- **Task to carry out**
Leave out the pictures and set down the rest of the listing below word for word.

- **Raw data**
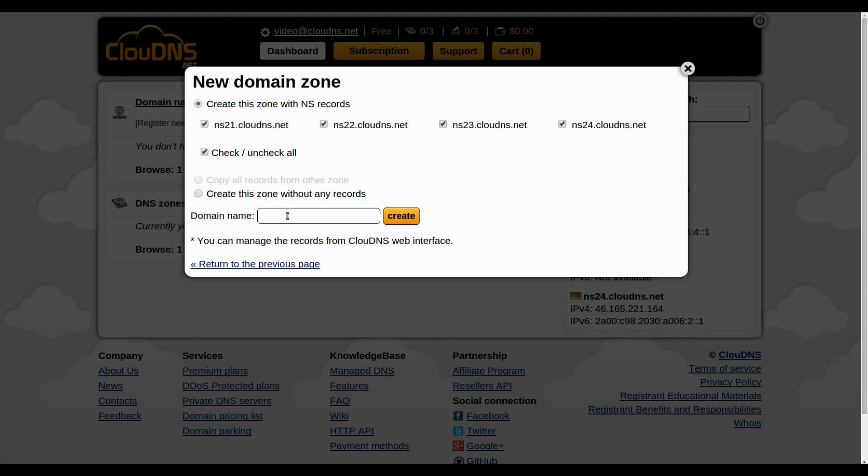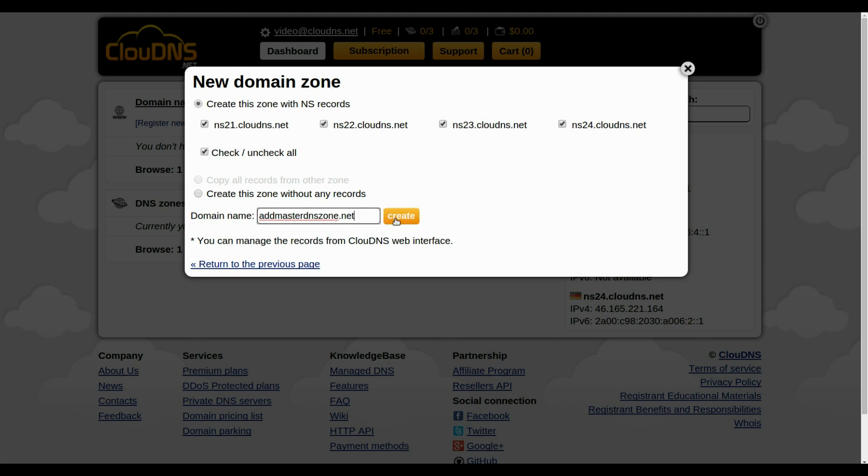In the white form, enter the name of a zone without HTTP or HTTPS. When you are ready, click on the create button.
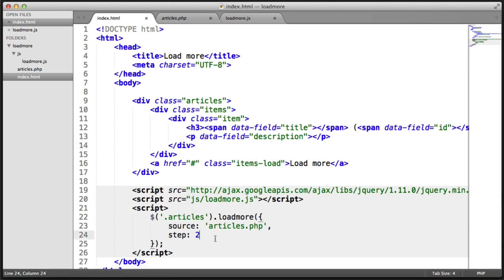So that's basically the markup and how we call the plug-in. Let's jump over and start actually writing this plug-in.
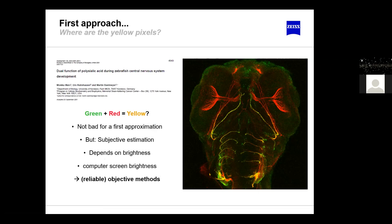The first question is: does green and red always equal yellow? It's not bad as a first approximation, but it depends a lot on subjective estimation — it depends on brightness and computer screen brightness. If we mess around with the brightness and contrast of our display, we can make any pixel turn yellow as we want, so it's a little arbitrary what we can paint yellow or not.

- **Output for this exercise**
In the white form, enter the name of a zone without HTTP or HTTPS. When you are ready, click on the create button.
So that's basically the markup and how we call the plug-in. Let's jump over and start actually writing this plug-in.
The first question is: does green and red always equal yellow? It's not bad as a first approximation, but it depends a lot on subjective estimation — it depends on brightness and computer screen brightness. If we mess around with the brightness and contrast of our display, we can make any pixel turn yellow as we want, so it's a little arbitrary what we can paint yellow or not.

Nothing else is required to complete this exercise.